CHAMPAIGN — The Champaign school board voted 6-0 Monday to go ahead with several improvements, many of which will be paid for with money from a working-cash bond issue.
The board approved a $9.6 million contract with Control Technology Solutions of St. Louis to install new geothermal systems and windows at Franklin and Jefferson middle schools and new lights at those schools, as well as at Edison Middle School and Central High School.
Board member Kristine Chalifoux was absent.
Those improvements will be made using about $9 million from working-cash bonds.
In the contract, the school board also approved new window air-conditioners for Edison Middle School, but those will be paid for with money from the school facilities sales tax. That project will cost about $597,000.

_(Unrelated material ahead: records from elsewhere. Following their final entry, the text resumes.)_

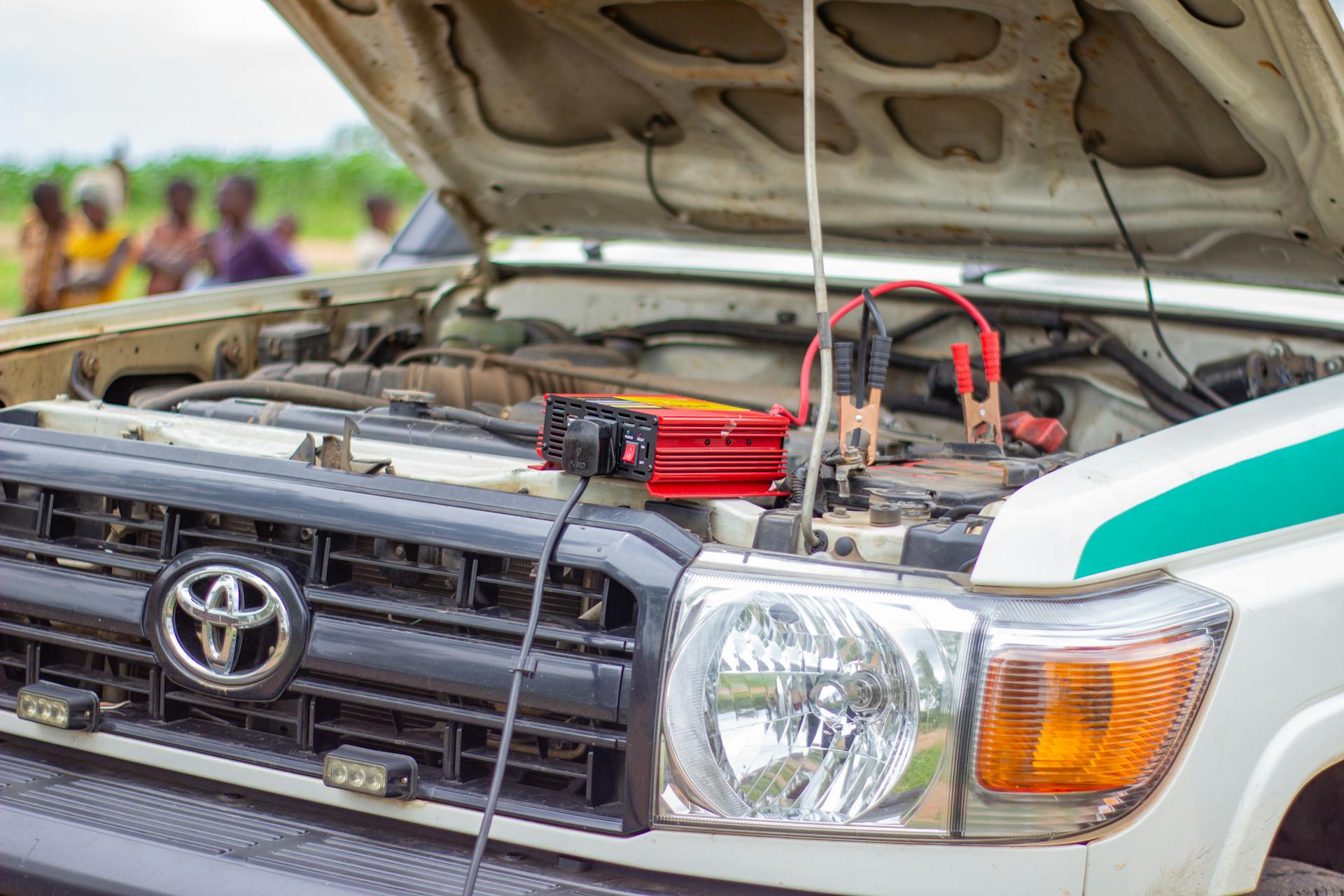 Close-up of car engine with battery charger in Blantyre, Southern Region, Malawi.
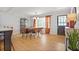 Light-filled dining area with modern chandelier, dining table and chairs and view of the backyard at 233 Dorris Sw Dr, Marietta, GA 30060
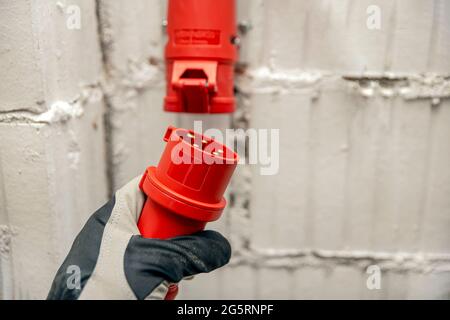 Stromkosten, Strompreis, Hochspannungs-Industriesteckdose. Hochspannungsstecker in der Hand. Anschließen eines dreiphasigen 380-Volt-Hochspannungssteckers Stockfoto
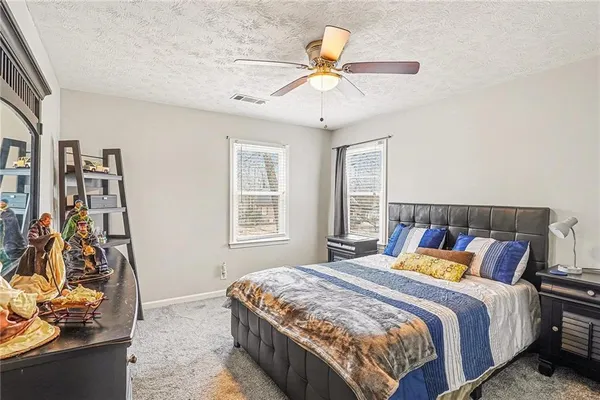 a bedroom with a bed and a desk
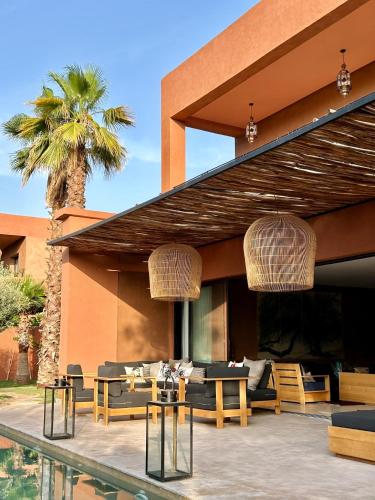 a patio with tables and chairs and a palm tree at Villa Madjha Ecolodge Marrakech in Marrakech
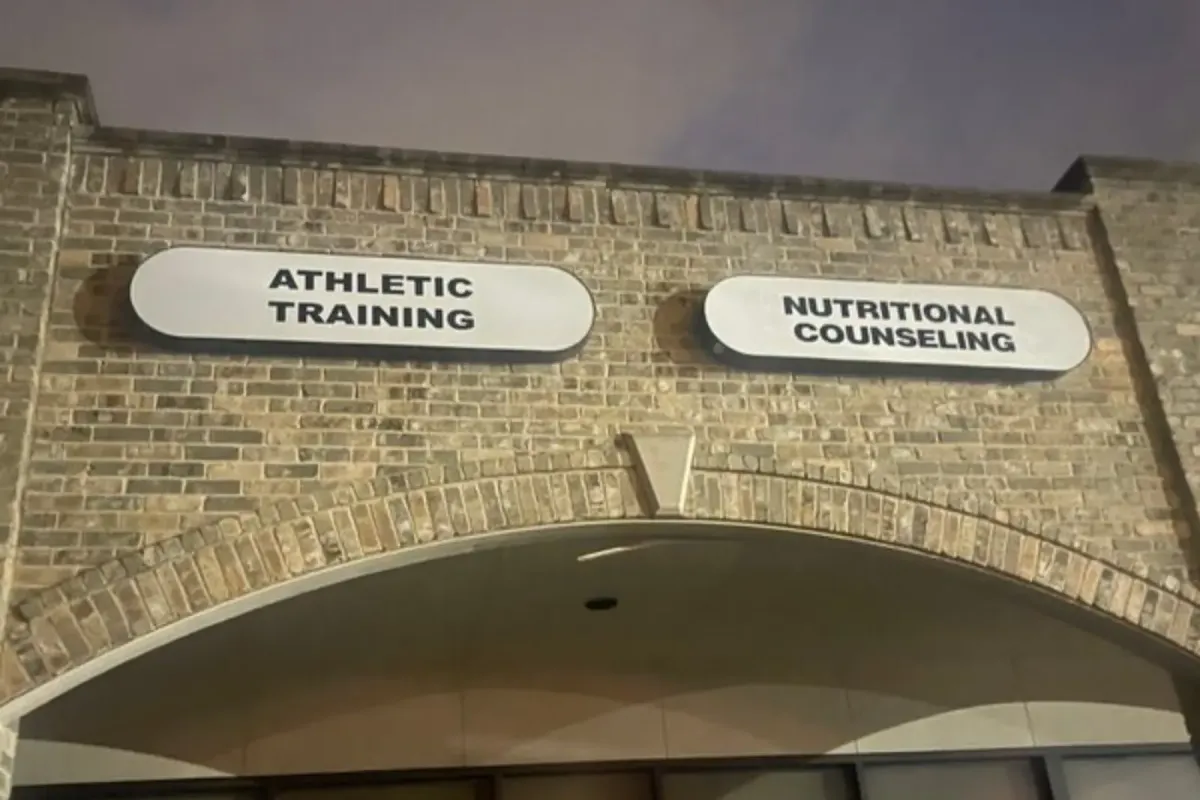 Commercial building signs for Athletic Training and Nutritional Counseling on a brick storefront.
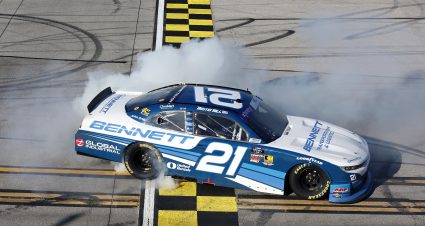 TALLADEGA, ALABAMA - APRIL 26: Austin Hill, driver of the #21 Bennett Transportation Chevrolet, celebrates with a burnout after winning the NASCAR Xfinity Series Ag-Pro 300 at Talladega Superspeedway on April 26, 2025 in Talladega, Alabama. (Photo by Logan Riely/Getty Images) | Getty Images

CTS' Mark Graves told the school board it has also been awarded a $90,000 grant from the Illinois Clean Energy Foundation for the geothermal system at Jefferson, and hopes to be awarded the same amount from that organization for the geothermal system at Franklin Middle School.
The school district has also been awarded $200,000 more in grant money from the Illinois Clean Energy Foundation and the Illinois Department of Commerce and Economic Opportunity for other improvements to be made under the contract, Graves said.
Board member Jamar Brown asked what will happen with budgeted money left over because of the grants, and Logas said it will be used to pay for other school improvements.
Logas said CTS hopes to finish this summer Jefferson's geothermal system and new windows, air conditioning at Edison and possibly lights at Jefferson, Franklin, Edison and Central, although Graves said CTS may end up recommending Central's lights be completed next summer. Wells at Franklin will be dug this fall, and the system finished and windows installed next summer.
CTS has agreed to pay for any overtime required to finish the project this summer, so that cost is not passed on to the school district, Logas said.
CTS is also guaranteeing that the digging of the wells will cost about $900,000, and if it comes in at less than that, the savings will go to the school district. If it comes in at more than that price, CTS will pay the difference, Logas said.
The school board voted in February to issue up to $14.5 million in working-cash bonds; still on its list of improvements are wireless technology in all buildings and a new transportation facility.
If the school board issues the full $14.5 million in bonds, it would raise property taxes by about $25 each year for the owner of a $150,000 home.
The bond issue has been controversial; more than 2,300 community members signed petitions in March, asking the school board to put it on the November ballot.
But many school board members have said that while issuing the bonds is a difficult decision, they believe the improvements are best for the school district's children and need to be completed as soon as possible.